October 6, 2006
Friends, thank you all for coming to this celebration of our college. Presidential inaugurations aren’t, or shouldn’t be, all about the new president. Rather, they represent ceremonial moments during which the institution reflects on its identity, its moment in time and its future. This is why I chose as the theme for this weekend “Honor the Past, Celebrate Today, Embrace the Future.” More about that in a moment.
First, however, I offer some welcomes and some thank you’s. Welcome to Bishops Usgaard and Nycklemoe. Thank you for your presence here. Your role in our ceremonies bears witness to the living and abiding connection between St. Olaf College and the faith we profess, the faith that anchors our works and days. Welcome to the St. Olaf College Board of Regents, and thank you for your faithful stewardship and generous support of our college. Welcome to Mrs. Lois Rand, and Presidents George, Edwards and Thomforde for your presence here tonight. Each of you embodies important moments in our collective history. Our college would not be in the strong position it occupies today if it weren’t for your service. Thank you for being here.
Welcome to the distinguished delegates from other institutions of higher learning. You honor us with your presence at our ceremonies. I offer a particular welcome to my friends, colleagues and mentors from Denison University, busy people who have come a long way to be with Priscilla and me this weekend.

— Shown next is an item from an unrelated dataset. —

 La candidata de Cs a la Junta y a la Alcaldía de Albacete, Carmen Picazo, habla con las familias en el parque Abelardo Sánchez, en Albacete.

The distinguished faculty of the college processed into the auditorium tonight in their academic garb, which identifies their field of study and their most advanced degree. I am fond of noting that at colleges students come and go—as they are supposed to—and presidents come and go as the institution looks from time to time to new leadership, and at St. Olaf regents come and go according to their terms of service, but the faculty abide. The faculty of St. Olaf College collectively have given 4,984 years of service to our college. The senior faculty alone, those having attained the rank of professor, have given 2,285 years. These are astonishing and meaningful numbers. Our faculty in their academic garb embody learning, continuity and commitment. Thank you, each of you, for having answered the call of your vocation and for your service to the college. The staff of the college enable teaching and learning to happen. They bring us new students and keep in touch with graduated ones. They disperse financial aid, manage our accounts, invite and steward gifts to the college, send us abroad and bring us safely home again, care for our bodies and souls, keep us on time and on task, prepare our food, care for our buildings and grounds, manage our technology and tell the St. Olaf story—in short, they do it all. Thanks to each of you for your fine work.

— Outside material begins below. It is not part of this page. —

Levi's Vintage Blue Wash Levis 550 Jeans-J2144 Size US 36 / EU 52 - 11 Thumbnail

Welcome St. Olaf students! I suspect that you had other options for how to spend a Friday evening, so I’m delighted that you are here. This is our college—yours as students and future alums and mine as an alum—and our mutual investment in the institution and in one another as Oles empowers us to do great things for our college. St. Olaf is bigger than all of us. Together with the 33,572 living alums, the many other friends of the college and Oles who have gone before and will come after us, we are the stewards of St. Olaf’s rich heritage of faith and learning. It is an awesome responsibility that we share. Your college matters, to you and to the world. The fact that you are here tonight shows that you know that. Welcome!

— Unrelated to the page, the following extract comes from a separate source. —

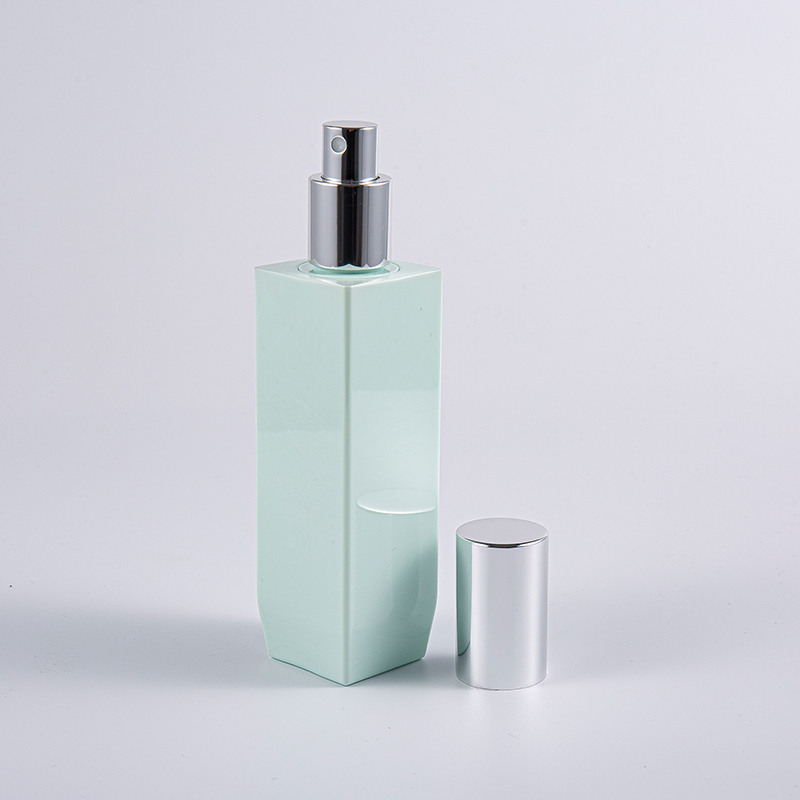 Multiplex Color Option Square Figura 120ml PETG Crassitudo Wall Lotion Utrem Cum Aluminium Pump Cap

I am so pleased that we were able to weave this ceremony into the larger cloth of Homecoming and Family Weekend at St. Olaf, and I offer a warm welcome, from the heart of the college, to all of the alumni, family and friends of St. Olaf students and Northfield neighbors who have come tonight. Whether you are here this weekend to reconnect with old friends—I, for example, look forward this weekend to spending time with my college roommates from whom I learned so much—David K. Anderson, David P. Anderson and those two guys who couldn’t get the name thing right, Larry Otteman and Tom Schattauer—or to visit former teachers and mentors, to make that all-important visual inspection of the first-year student you left with us two short months ago, or simply to look in on activities on the Hill we are delighted that you took time to be with us tonight. It is a cliché at colleges to refer to the sense of “community” at the institution, but at St. Olaf we truly are a community that embraces the connection each of you has with the college. Welcome.
I would like to thank the two persons who have made this whole ceremony happen: Jean Callister-Benson from the office of College Advancement, and Pam Dresow, assistant to the Dean of the College. Together with the inauguration committee, all of whom have other full time jobs at the college, they have taken exquisite care of this important ceremonial moment in the life of our college. Thank you.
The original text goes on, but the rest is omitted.